3 Differences between Software Engineers and Engineering Managers
On the face of it, to someone outside the industry, the life of a Software Engineer and an Engineer Manager might be almost indistinguishable. An Engineering Manager is just the best Software Engineer who is the boss… right?
With a more experienced and nuanced eye, this is very rarely true. I am certainly not the best Software Engineer on my team, or any team I have managed. I am proud of that. An Engineering Managers job is not to be the most capable technically on a team, it’s an Engineering Managers job to ensure the team is happy, safe and delivers business value.
Decision making.
As a Software Engineer, you and the team will need to be the technical experts of your infrastructure and technical estate. As a result of those technical expertises you are trusted and expected to make constant technical decisions about feature implementation, uphold technical standards and advocate for the long term technical strategy of the product.
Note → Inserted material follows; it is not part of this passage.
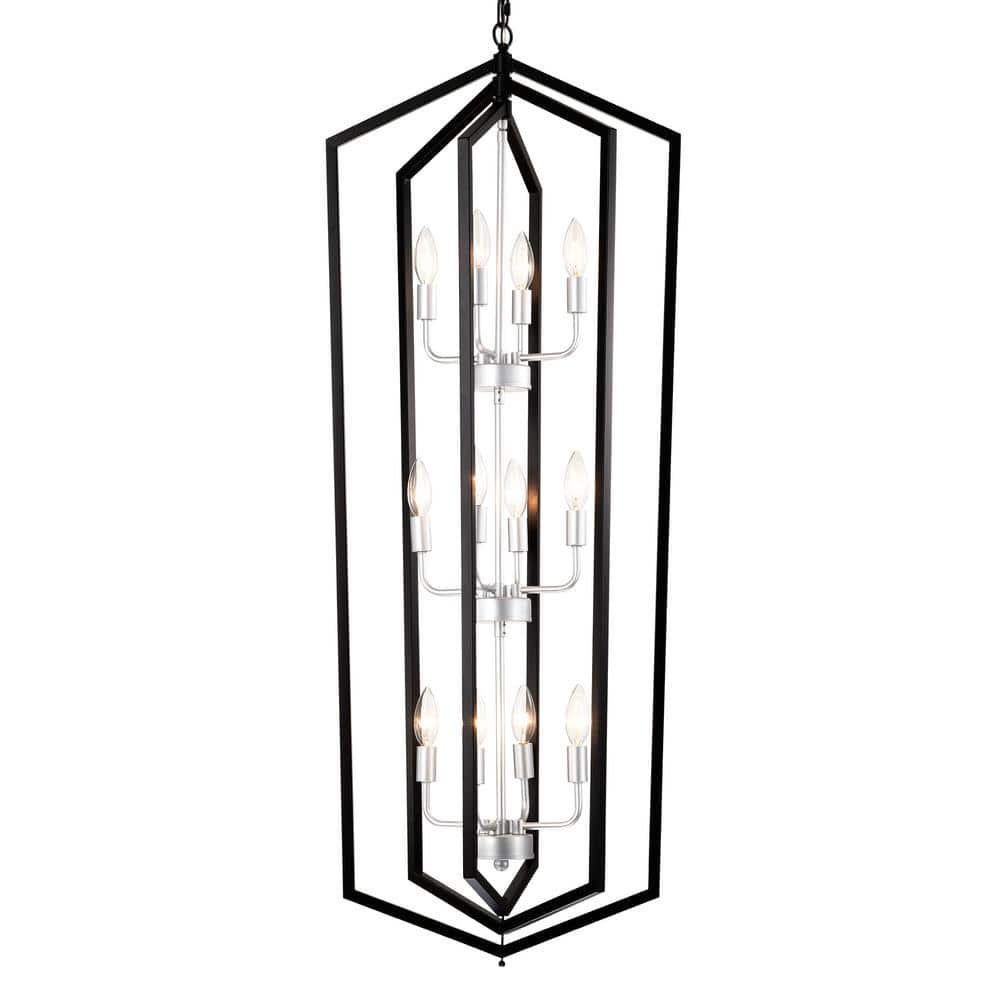12-Light Matte Black Vintage Rustic Cage Light Fixture Adjustable Height Ch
This is flipped on its head as an Engineering Manager. As an Engineering Manager you must not make the technical decisions for the team. If you do, it will effectively make your team button pushers. They are smart and creative, collectively much more so than any one Engineering Manager, let them exercise that. Ask them key questions at key points such as ‘What would this design look like under 3x scale?’ or ‘What latency can this deliver?’.
As an Engineering Manager your role is to guide and not decide.
Impact change.
As a Software Engineer, there are two things you need to get promoted to the next level; impact and visibility. There are many other things you need to do, these are the most important and non negotiable. Deliver impact and make that impact visible.
Typically you will do that via influencing the technological estate you are charged with protecting and advancing. You will envision projects and enhancements to the technology surrounding you. That vision will be realised, the impact measured and if you make that impact visible, a promotion case will be strong.
This completely changes as an Engineering Manager. You still need to deliver impact and make that impact visible. At the highest level, that impact is over people and the team. You must ensure you are delivering business impact with your team. The best way to do that is by looking after the people. A happy, driven team with focus and boundaries is the best way to deliver business value. Those people, when enabled and trusted will deliver the technical excellence. Looking after the people scales, a manager making the technical decisions does not.
As a Software Engineer, there are two things you need to get promoted to the next level; impact and visibility.
Measuring gratification
As a Software Engineer, gratification can realised fairly instantly; that code works or that failing test now passes for example.
As an Engineer Manager it might take a while for your gratification to arrive, for your success to be measured. The changes you make to a team, and everything that encompasses can take months to bear fruit either positively or negatively.
Measuring the success over technology is much more binary than measuring success over people.
As a Software Engineer and an Engineering Manager there are obvious examples of where you would experience the opposite of what I have mentioned above. In general, from my experience Software Engineers have more mechanisms for instant gratification and an Engineering Managers role is more fraught with delayed gratification.



Great read, Ryan. When engineers own the decisions and solutions they bring interest, which in turn brings growth and performance. I do have one question: do you have any tips or suggestions in the case that team lead/lead engineer and engineering manager lines get blurry? For instance, on a small team there may not be enough managers or the org has no interest in adding one. How might someone in this position handle both sides of the coin?